● **Exercise description**: In the entries below, find the line with "20MM design snap" and the line with "Cartoon character set"; reproduce those two lines and all lines between them exactly, without pictures.

● **Data for review**:
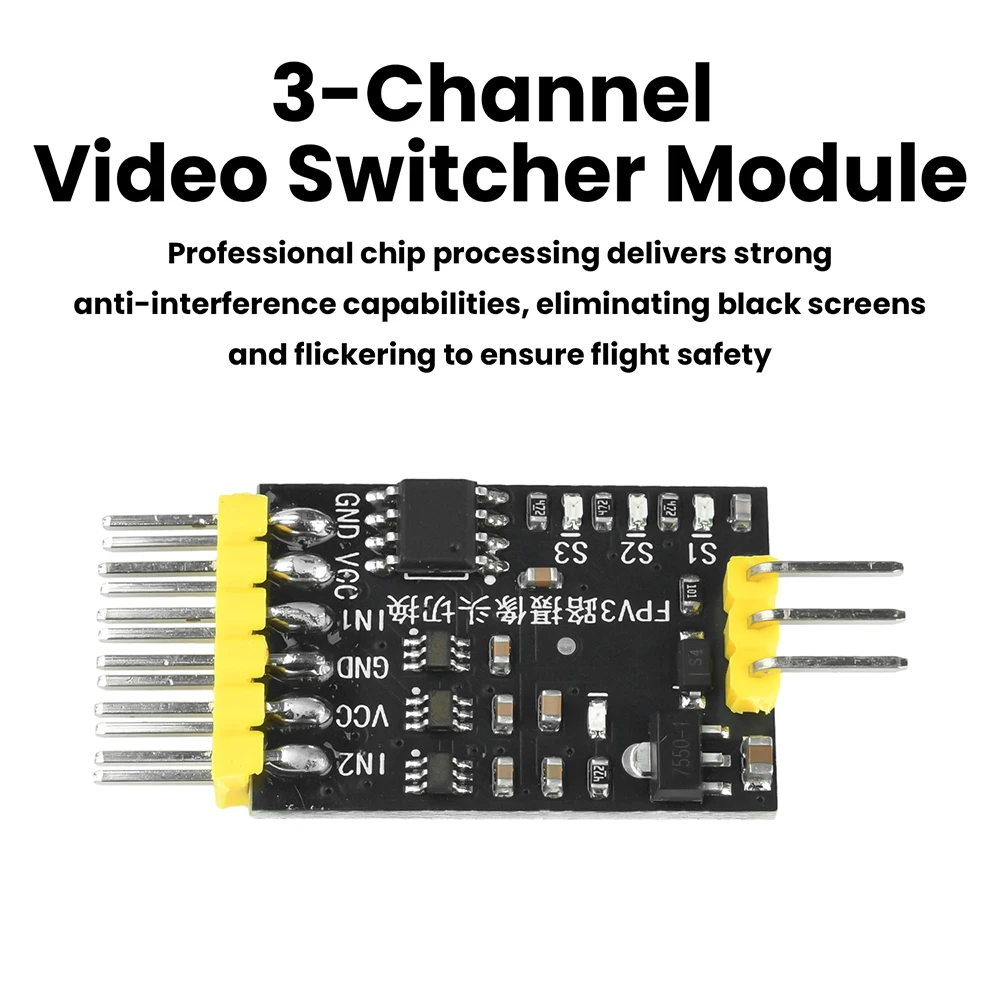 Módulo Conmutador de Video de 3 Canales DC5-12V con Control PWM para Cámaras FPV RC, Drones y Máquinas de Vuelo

==

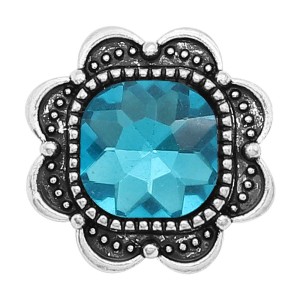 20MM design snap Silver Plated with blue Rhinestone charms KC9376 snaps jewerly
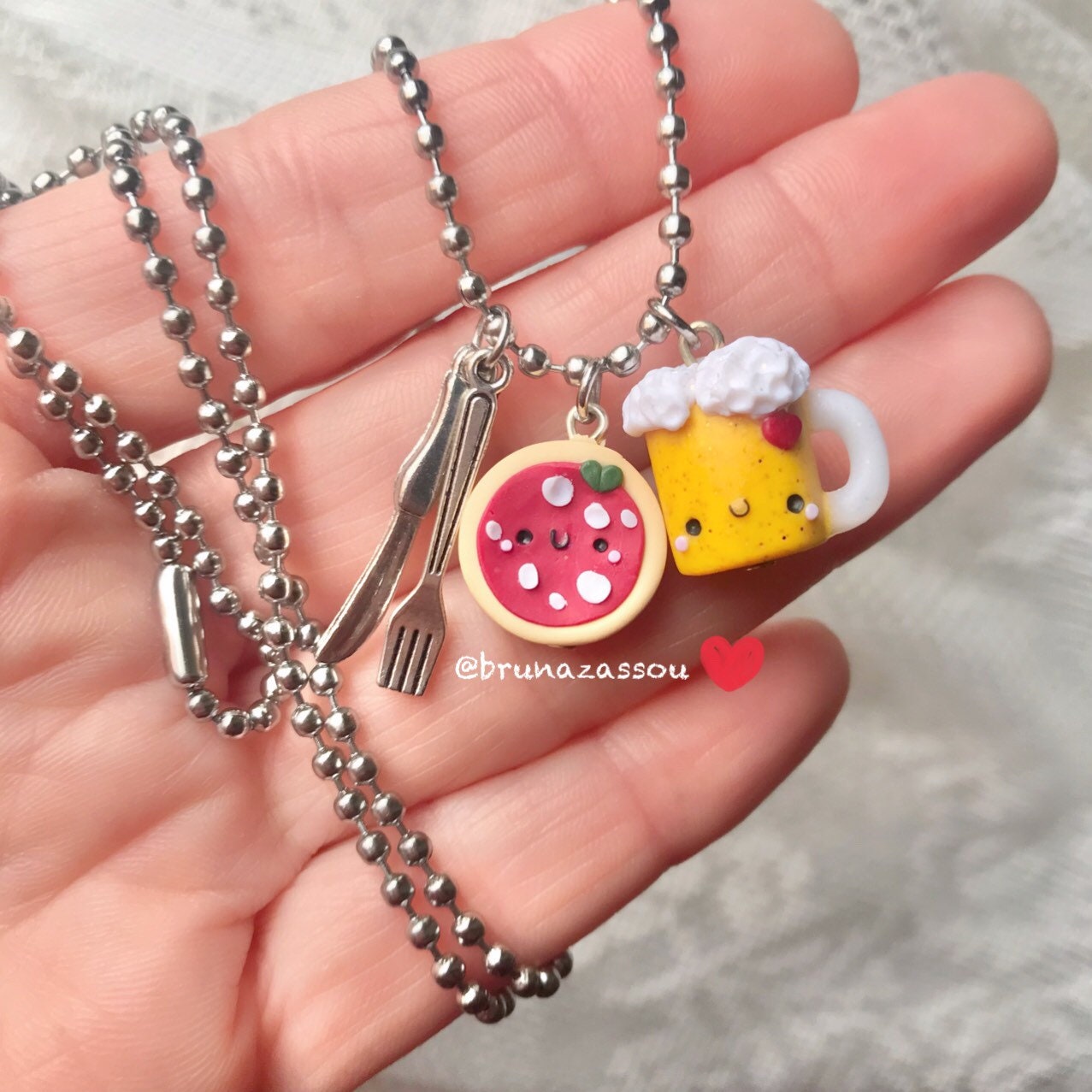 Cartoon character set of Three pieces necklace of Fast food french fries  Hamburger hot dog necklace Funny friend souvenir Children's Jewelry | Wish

● **Reply to the exercise**:
 20MM design snap Silver Plated with blue Rhinestone charms KC9376 snaps jewerly
 Cartoon character set of Three pieces necklace of Fast food french fries  Hamburger hot dog necklace Funny friend souvenir Children's Jewelry | Wish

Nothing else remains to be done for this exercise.